Na tentativa de conter o vandalismo, o governador do Rio, Sérgio Cabral (PMDB), baixou um decreto na quarta-feira da semana passada criando a Comissão Especial de Investigação de Atos de Vandalismo em Manifestações Públicas (CEIV). No artigo 3.º, parágrafo único, o decreto determinava que operadoras de telefonia e provedores de internet deveriam, no prazo de 24 horas, atender a pedidos de informação. Juristas consideram o decreto ilegal. O procurador-geral de Justiça do Rio, Marfan Vieira, diz que a interpretação é equivocada, que nunca a comissão pensou em quebrar sigilo, que o decreto está em harmonia com o ordenamento jurídico.
Cabral tem todo o direito de combater o vandalismo em manifestações. Não há fim justificável para a depredação de patrimônio público ou privado. Mas Cabral tem conduzido muito mal não só as negociações com os manifestantes, como tem protagonizado episódios que abalam a sua imagem fotos de festa em Paris dançando com guardanapo de pano na cabeça; uso de helicóptero do estado pela família; gastos públicos considerados excessivos para a Copa e a Olimpíada.

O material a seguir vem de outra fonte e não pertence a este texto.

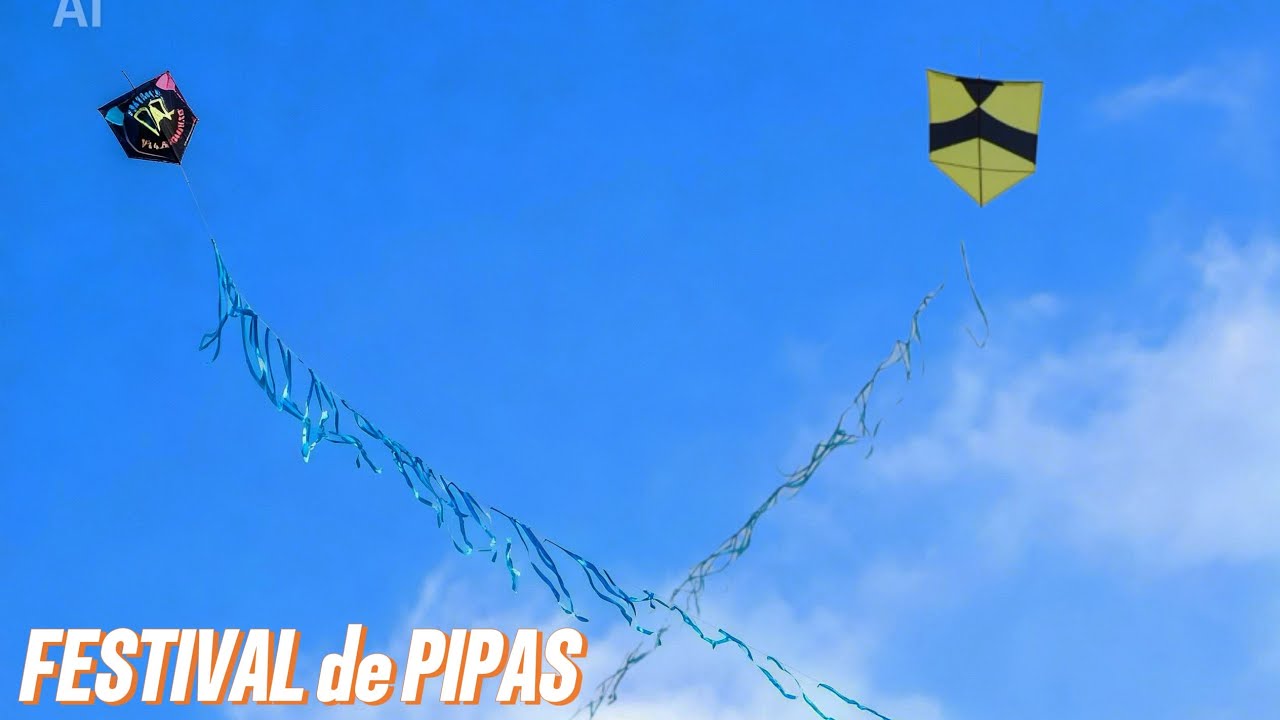 PIPÃO PRETO E BRANCO CORTOU VÁRIOS  PIPAS NESTE FESTIVAL #pipa #pipaoanotodo #kite 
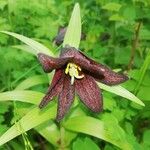 Fritillaria camschatcensis 花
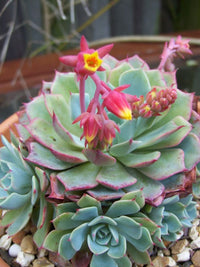 Mixed Echeveria Flower seeds for Planting Fragrant Blossoms Heirloom & GMO Free Seeds for Home Garden
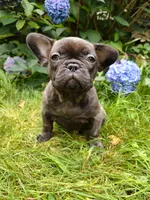 COCO 🐶, a female French Bulldog for sale in Altmar, NY – 8 of 10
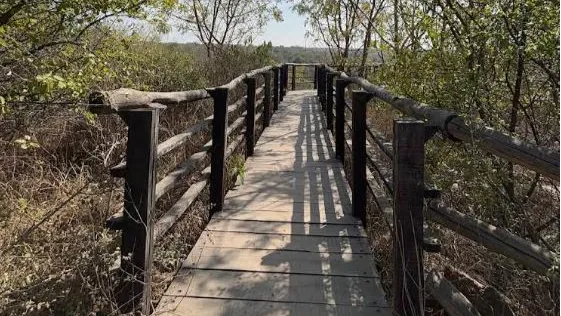 Aravalli Biodiversity Park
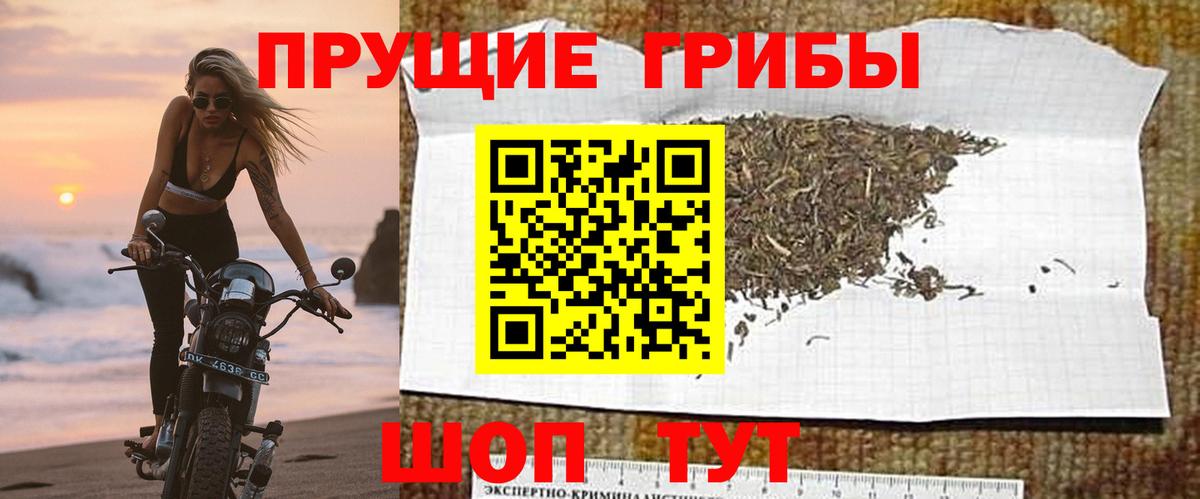 Галлюциногенные грибы Psilocybine cubensis  Галлюциногенные грибы мицелий  Вход с VPN  Абинск 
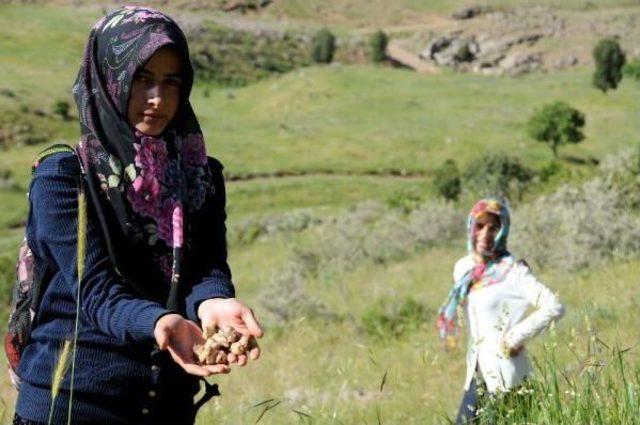 Salep Bitkisinin Fiyatı Altınla Yarışıyor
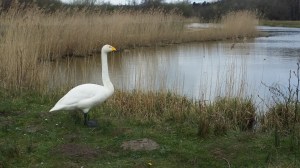 Parc ornithologique signe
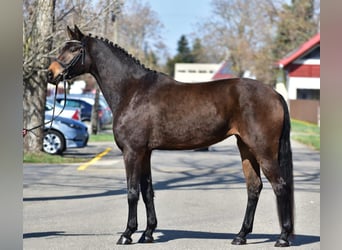 Hanoverian, Mare, 7 years, 16.2 hh, Brown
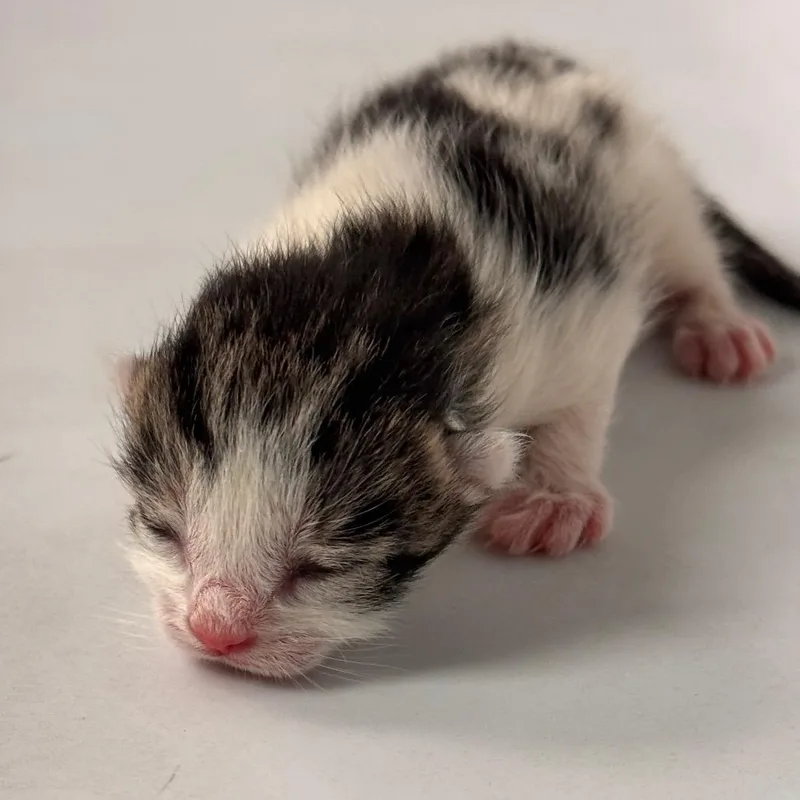 Lancaster thumbnail 2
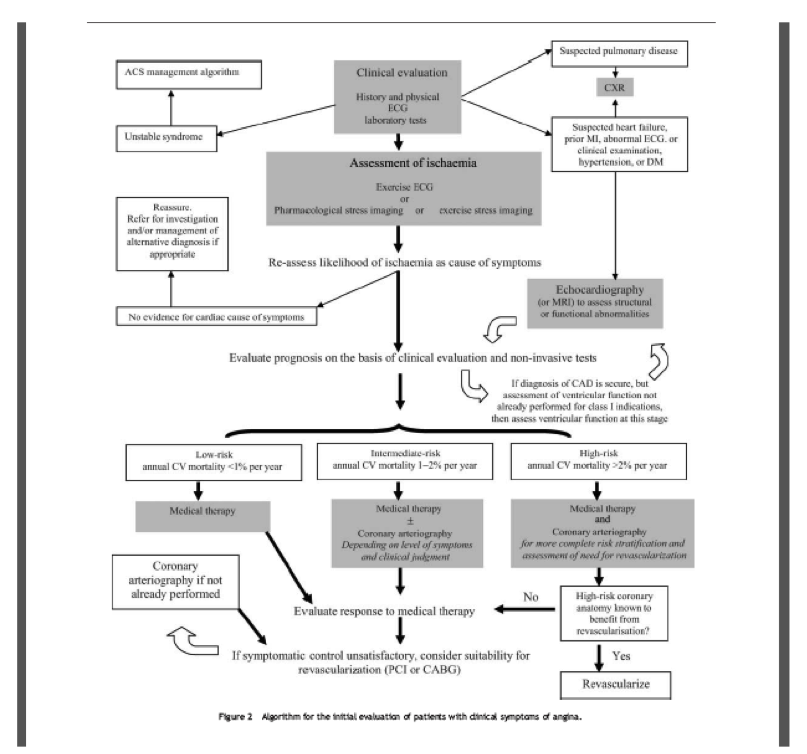 Ischemic Heart Disease algorithm for angina.png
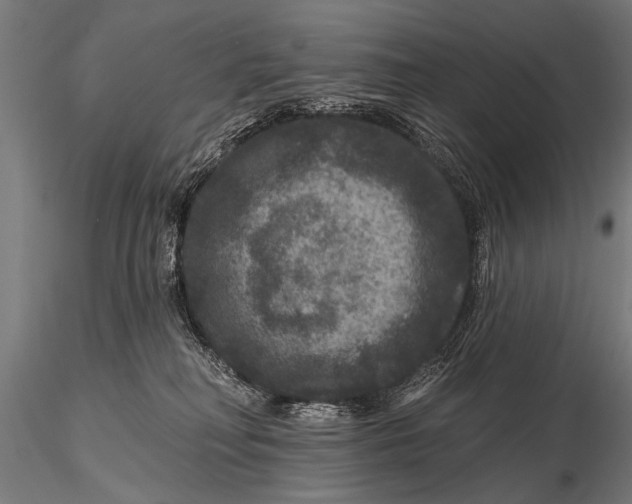 X0000115670230200912031403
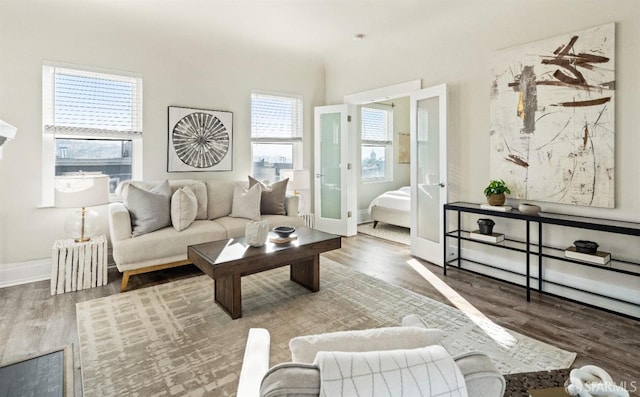 living room with wood-type flooring, french doors, and a wealth of natural light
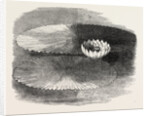Victoria Regia, in Flower, at Messrs. Weeks's, King's Road Nursery, Chelsea, London by Anonymous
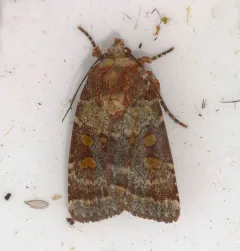 Abagrotis pulchrata thumbnail 4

Esses fatos não passaram em branco aos manifestantes. Na quarta-feira, eles se reuniram com o procurador-geral de Justiça Marfan Vieira que se comprometeu a divulgar na internet informações atualizadas sobre investigações que envolvem o governo estadual, em especial as que tratam do uso do helicóptero do governo por parentes de Cabral e de gastos públicos em obras dos eventos esportivos. A transparência pública está sendo uma consequência de protestos.
Enquanto os cariocas discutem a divulgação de dados atualizados sobre investigações da administração pública, a discussão no Paraná gira em torno da divulgação de salários de servidores públicos. Aqui ainda há quem acredite que isso fere o direito à privacidade, apesar de o Supremo Tribunal Federal ter decidido administrativamente publicar a remuneração de todos os ocupantes de cargos públicos daquela corte. Fosse inconstitucional, o órgão máximo do Poder Judiciário publicaria as remunerações? Como se vê, a distância que separa o Paraná do Rio de Janeiro vai muito além dos 1.200 quilômetros.
Os cariocas legam-nos seu aprendizado. Em algum momento, privilégios ilegais ou imorais, cultura do sigilo e demonstrações públicas de luxos e excessos podem romper a barreira do tolerável e se tornar objeto de protesto incessante.